Lettre 80 - Tschirnhaus à Spinoza (2 mai 1676)



Au très savant
Et très pénétrant philosophe B. de Spinoza,
Ehrenfr. Walther de Tschirnhaus.

Monsieur,

En premier lieu il m’est extrêmement difficile de concevoir comment on peut démontrer a priori l’existence de corps qui ont des mouvements et des figures alors que rien de tel ne se rencontre dans l’étendue quand on la considère absolument. En second lieu je voudrais apprendre de vous comment il faut entendre ce que vous énonciez dans la lettre sur l’Infini [1] dans ces termes : on ne conclut cependant pas que de telles grandeurs dépassent tout nombre par la multitude de leurs parties.

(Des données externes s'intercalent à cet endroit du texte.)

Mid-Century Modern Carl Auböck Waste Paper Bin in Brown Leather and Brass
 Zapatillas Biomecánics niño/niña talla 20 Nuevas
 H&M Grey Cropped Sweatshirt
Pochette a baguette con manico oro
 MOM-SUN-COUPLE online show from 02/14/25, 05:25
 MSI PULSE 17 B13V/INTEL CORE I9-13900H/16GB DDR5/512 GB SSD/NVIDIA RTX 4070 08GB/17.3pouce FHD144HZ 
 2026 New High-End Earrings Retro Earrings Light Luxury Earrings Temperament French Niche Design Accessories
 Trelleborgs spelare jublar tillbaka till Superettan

Tous les mathématiciens en effet me semblent démontrer au sujet de choses infinies de cette sorte que le nombre des parties dépasse tout nombre assignable et, dans l’exemple des deux cercles, que vous donnez en cet endroit, il ne semble pas que vous établissiez ce que vous aviez annoncé que vous établiriez. Vous montrez en effet seulement qu’ils ne tirent pas cette conclusion de la grandeur excessive de l’espace compris et de ce que nous n’avons pas de maximum et de minimum dans ce cas. Mais vous ne démontrez pas comme vous le vouliez, qu’ils ne le concluent pas de la multitude des parties. [J’ai appris de M. Leibniz que le précepteur du Dauphin de France, appelé Huet, un homme d’un savoir étendu, doit écrire sur la vérité de la religion et réfuter votre Traité théologico-politique. Adieu.] [2]

Le 2 mai 1676.


[2Les mots entre crochets ne se trouvent pas dans les Opera posthuma, mais dans la traduction hollandaise ancienne de cet ouvrage.